# TASK DIRECTIONS
The listing below contains a span that opens with the line containing "Hotel Shree Sai" and closes with the line containing "0 WL https://t.co/4FL4cKcDlx". Return that span exactly.

# MATERIAL FOR THIS TASK
+ + +

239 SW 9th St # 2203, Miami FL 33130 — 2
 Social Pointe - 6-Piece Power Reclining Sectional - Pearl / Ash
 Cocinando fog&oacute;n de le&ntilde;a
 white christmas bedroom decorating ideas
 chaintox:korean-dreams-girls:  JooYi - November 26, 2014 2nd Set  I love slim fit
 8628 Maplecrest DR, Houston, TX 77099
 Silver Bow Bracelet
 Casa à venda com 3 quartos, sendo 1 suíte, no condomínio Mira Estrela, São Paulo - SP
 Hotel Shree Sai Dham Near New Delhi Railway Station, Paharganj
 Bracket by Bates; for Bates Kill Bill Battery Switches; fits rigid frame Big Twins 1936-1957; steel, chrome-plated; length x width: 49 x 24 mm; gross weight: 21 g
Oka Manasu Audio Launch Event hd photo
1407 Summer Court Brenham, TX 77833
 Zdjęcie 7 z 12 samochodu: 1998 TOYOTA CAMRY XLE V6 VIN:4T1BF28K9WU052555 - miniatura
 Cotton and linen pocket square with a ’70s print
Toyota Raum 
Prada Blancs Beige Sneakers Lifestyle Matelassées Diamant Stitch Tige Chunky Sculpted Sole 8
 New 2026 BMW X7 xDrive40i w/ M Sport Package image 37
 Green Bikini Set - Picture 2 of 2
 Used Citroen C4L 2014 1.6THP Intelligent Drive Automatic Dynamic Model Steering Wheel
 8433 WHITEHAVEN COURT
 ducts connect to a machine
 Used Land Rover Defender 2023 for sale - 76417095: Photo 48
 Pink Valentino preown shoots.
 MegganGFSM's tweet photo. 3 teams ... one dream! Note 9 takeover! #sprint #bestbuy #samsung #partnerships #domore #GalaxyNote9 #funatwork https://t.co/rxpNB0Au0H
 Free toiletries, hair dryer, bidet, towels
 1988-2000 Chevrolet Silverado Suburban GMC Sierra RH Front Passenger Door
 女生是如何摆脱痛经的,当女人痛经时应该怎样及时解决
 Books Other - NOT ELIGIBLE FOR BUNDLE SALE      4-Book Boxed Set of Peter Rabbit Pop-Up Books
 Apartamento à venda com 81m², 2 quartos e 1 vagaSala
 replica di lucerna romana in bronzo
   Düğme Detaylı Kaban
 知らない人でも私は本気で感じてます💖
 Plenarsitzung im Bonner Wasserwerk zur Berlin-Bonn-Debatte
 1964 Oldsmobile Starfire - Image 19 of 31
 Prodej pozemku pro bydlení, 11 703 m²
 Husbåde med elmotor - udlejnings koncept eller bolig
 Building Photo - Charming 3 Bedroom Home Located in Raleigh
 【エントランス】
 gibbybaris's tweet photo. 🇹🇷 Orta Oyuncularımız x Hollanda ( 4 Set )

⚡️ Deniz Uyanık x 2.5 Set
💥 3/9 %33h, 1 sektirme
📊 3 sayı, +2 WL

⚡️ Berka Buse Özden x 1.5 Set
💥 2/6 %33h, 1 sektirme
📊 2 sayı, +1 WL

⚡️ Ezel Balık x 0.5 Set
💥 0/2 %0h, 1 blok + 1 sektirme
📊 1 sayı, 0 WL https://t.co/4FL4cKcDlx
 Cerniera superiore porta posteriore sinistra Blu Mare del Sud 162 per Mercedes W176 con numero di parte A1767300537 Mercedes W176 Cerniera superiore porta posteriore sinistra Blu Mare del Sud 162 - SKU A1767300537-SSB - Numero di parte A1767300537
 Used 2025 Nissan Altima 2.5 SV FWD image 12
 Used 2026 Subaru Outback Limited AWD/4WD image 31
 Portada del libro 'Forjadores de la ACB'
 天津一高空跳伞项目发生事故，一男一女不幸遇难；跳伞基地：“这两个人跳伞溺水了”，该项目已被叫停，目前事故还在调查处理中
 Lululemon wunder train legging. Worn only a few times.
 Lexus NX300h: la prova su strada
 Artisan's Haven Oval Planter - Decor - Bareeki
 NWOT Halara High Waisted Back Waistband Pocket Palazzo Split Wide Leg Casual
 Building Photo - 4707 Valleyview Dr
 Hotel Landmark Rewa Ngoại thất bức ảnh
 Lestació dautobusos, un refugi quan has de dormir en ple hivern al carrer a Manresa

+ + +

# TASK RESULT
 Hotel Shree Sai Dham Near New Delhi Railway Station, Paharganj
 Bracket by Bates; for Bates Kill Bill Battery Switches; fits rigid frame Big Twins 1936-1957; steel, chrome-plated; length x width: 49 x 24 mm; gross weight: 21 g
Oka Manasu Audio Launch Event hd photo
1407 Summer Court Brenham, TX 77833
 Zdjęcie 7 z 12 samochodu: 1998 TOYOTA CAMRY XLE V6 VIN:4T1BF28K9WU052555 - miniatura
 Cotton and linen pocket square with a ’70s print
Toyota Raum 
Prada Blancs Beige Sneakers Lifestyle Matelassées Diamant Stitch Tige Chunky Sculpted Sole 8
 New 2026 BMW X7 xDrive40i w/ M Sport Package image 37
 Green Bikini Set - Picture 2 of 2
 Used Citroen C4L 2014 1.6THP Intelligent Drive Automatic Dynamic Model Steering Wheel
 8433 WHITEHAVEN COURT
 ducts connect to a machine
 Used Land Rover Defender 2023 for sale - 76417095: Photo 48
 Pink Valentino preown shoots.
 MegganGFSM's tweet photo. 3 teams ... one dream! Note 9 takeover! #sprint #bestbuy #samsung #partnerships #domore #GalaxyNote9 #funatwork https://t.co/rxpNB0Au0H
 Free toiletries, hair dryer, bidet, towels
 1988-2000 Chevrolet Silverado Suburban GMC Sierra RH Front Passenger Door
 女生是如何摆脱痛经的,当女人痛经时应该怎样及时解决
 Books Other - NOT ELIGIBLE FOR BUNDLE SALE      4-Book Boxed Set of Peter Rabbit Pop-Up Books
 Apartamento à venda com 81m², 2 quartos e 1 vagaSala
 replica di lucerna romana in bronzo
   Düğme Detaylı Kaban
 知らない人でも私は本気で感じてます💖
 Plenarsitzung im Bonner Wasserwerk zur Berlin-Bonn-Debatte
 1964 Oldsmobile Starfire - Image 19 of 31
 Prodej pozemku pro bydlení, 11 703 m²
 Husbåde med elmotor - udlejnings koncept eller bolig
 Building Photo - Charming 3 Bedroom Home Located in Raleigh
 【エントランス】
 gibbybaris's tweet photo. 🇹🇷 Orta Oyuncularımız x Hollanda ( 4 Set )

⚡️ Deniz Uyanık x 2.5 Set
💥 3/9 %33h, 1 sektirme
📊 3 sayı, +2 WL

⚡️ Berka Buse Özden x 1.5 Set
💥 2/6 %33h, 1 sektirme
📊 2 sayı, +1 WL

⚡️ Ezel Balık x 0.5 Set
💥 0/2 %0h, 1 blok + 1 sektirme
📊 1 sayı, 0 WL https://t.co/4FL4cKcDlx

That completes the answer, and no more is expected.